Brief descriptive captions
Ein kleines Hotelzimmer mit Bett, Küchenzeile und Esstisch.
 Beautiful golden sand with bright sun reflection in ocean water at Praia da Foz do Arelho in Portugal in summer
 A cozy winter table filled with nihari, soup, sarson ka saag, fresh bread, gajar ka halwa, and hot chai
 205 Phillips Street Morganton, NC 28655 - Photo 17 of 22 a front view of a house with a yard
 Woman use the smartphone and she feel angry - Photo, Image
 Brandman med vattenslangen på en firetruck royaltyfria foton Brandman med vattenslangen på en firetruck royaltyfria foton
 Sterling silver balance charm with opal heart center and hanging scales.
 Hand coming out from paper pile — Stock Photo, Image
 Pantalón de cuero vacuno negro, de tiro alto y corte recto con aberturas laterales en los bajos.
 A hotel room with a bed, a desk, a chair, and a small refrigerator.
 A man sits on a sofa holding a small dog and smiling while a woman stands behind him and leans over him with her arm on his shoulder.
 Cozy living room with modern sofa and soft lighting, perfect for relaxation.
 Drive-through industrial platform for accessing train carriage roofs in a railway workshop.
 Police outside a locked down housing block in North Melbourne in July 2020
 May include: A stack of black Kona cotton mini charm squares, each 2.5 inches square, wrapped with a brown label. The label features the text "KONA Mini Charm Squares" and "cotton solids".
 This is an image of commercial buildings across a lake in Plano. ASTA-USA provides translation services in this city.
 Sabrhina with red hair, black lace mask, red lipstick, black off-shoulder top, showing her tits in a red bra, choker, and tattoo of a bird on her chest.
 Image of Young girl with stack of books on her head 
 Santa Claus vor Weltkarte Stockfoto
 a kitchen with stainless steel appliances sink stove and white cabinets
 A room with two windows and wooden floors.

## Goal of the exercise
Once more, print all the records exactly.

## Output for this exercise
Ein kleines Hotelzimmer mit Bett, Küchenzeile und Esstisch.
 Beautiful golden sand with bright sun reflection in ocean water at Praia da Foz do Arelho in Portugal in summer
 A cozy winter table filled with nihari, soup, sarson ka saag, fresh bread, gajar ka halwa, and hot chai
 205 Phillips Street Morganton, NC 28655 - Photo 17 of 22 a front view of a house with a yard
 Woman use the smartphone and she feel angry - Photo, Image
 Brandman med vattenslangen på en firetruck royaltyfria foton Brandman med vattenslangen på en firetruck royaltyfria foton
 Sterling silver balance charm with opal heart center and hanging scales.
 Hand coming out from paper pile — Stock Photo, Image
 Pantalón de cuero vacuno negro, de tiro alto y corte recto con aberturas laterales en los bajos.
 A hotel room with a bed, a desk, a chair, and a small refrigerator.
 A man sits on a sofa holding a small dog and smiling while a woman stands behind him and leans over him with her arm on his shoulder.
 Cozy living room with modern sofa and soft lighting, perfect for relaxation.
 Drive-through industrial platform for accessing train carriage roofs in a railway workshop.
 Police outside a locked down housing block in North Melbourne in July 2020
 May include: A stack of black Kona cotton mini charm squares, each 2.5 inches square, wrapped with a brown label. The label features the text "KONA Mini Charm Squares" and "cotton solids".
 This is an image of commercial buildings across a lake in Plano. ASTA-USA provides translation services in this city.
 Sabrhina with red hair, black lace mask, red lipstick, black off-shoulder top, showing her tits in a red bra, choker, and tattoo of a bird on her chest.
 Image of Young girl with stack of books on her head 
 Santa Claus vor Weltkarte Stockfoto
 a kitchen with stainless steel appliances sink stove and white cabinets
 A room with two windows and wooden floors.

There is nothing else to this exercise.